### What the task requires
Take the line with "Used Lexus ES" and all lines after it, through the end of the records below, and repeat them exactly.

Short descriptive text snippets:
[Start of Attachment]
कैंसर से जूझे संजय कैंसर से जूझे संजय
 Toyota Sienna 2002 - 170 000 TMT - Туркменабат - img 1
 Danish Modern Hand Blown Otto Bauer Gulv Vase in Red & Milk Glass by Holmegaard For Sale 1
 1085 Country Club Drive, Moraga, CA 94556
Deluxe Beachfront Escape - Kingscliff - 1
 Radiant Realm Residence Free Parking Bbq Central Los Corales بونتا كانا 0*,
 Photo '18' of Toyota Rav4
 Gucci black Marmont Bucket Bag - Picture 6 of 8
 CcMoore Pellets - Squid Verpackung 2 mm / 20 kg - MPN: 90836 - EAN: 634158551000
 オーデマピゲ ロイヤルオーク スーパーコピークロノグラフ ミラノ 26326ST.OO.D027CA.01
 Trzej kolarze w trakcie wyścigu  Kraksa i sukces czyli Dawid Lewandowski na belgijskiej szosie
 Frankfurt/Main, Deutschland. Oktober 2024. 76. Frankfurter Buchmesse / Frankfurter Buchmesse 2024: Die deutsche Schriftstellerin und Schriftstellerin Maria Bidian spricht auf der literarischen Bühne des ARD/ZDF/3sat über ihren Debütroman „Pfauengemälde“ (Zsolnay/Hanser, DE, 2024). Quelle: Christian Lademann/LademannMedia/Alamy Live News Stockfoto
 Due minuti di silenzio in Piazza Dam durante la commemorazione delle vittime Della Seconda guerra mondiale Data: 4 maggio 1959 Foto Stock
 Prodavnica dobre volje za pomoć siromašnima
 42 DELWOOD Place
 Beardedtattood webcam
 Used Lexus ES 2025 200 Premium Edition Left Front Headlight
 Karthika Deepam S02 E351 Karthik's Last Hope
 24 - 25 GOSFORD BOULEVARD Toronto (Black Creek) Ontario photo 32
[End of Attachment]
### Your response
 Used Lexus ES 2025 200 Premium Edition Left Front Headlight
 Karthika Deepam S02 E351 Karthik's Last Hope
 24 - 25 GOSFORD BOULEVARD Toronto (Black Creek) Ontario photo 32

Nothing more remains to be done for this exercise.